Let's just call plans what they are: guesses  - peter123
http://www.37signals.com/svn/posts/1805-lets-just-call-plans-what-they-are-guesses
======
run4yourlives
Not really up to 37 Signals' standard. It seems they've confused a detailed,
rigid bible of a plan with being the only way to direct yourself. I think
they're doing this on purpose though.

As has been said, a plan is a statement of intent. It attempts to anticipate
what it can in an attempt to make choices easier when you are "in action". You
are doing it wrong both if you have no intent at all and if you attempt to
account for every conceivable scenario; if you do that, you never achieve your
intent ~ duh!.

Here is my plan to rent a movie this weekend:

1\. My objective is to secure a movie on DVD and watch it Friday night with my
wife, generally enjoying the night. (See - a goal, a method and a deadline.)

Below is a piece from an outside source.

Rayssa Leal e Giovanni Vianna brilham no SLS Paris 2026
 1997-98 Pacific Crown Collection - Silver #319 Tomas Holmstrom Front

2\. I intend to do this by getting into my car and driving to the video store.
(This is a general statement of action. I don't bother anticipating whether
there is a roadblock on my street, or whether my car will start or not. That
would be over-planning, and as 37S suggests, stupid.) There will most likely
be things that will need to be adjusted, some big, some small.

3\. Assuming the original objective remains viable, I'll rent the dvd and
return home. (Note here that I am not aimlessly evaluating video stores,
romping off to best buy to upgrade to blueray, or stopping at starbucks for a
latte on my way to get the movie. The plan _allows me to frame the actions
within the realm of achieving the objectives!_ It helps me to make decisions.
I have assumed that the objective is valid for whatever reason. Your plan
helps you test that assumption, nothing more, nothing less.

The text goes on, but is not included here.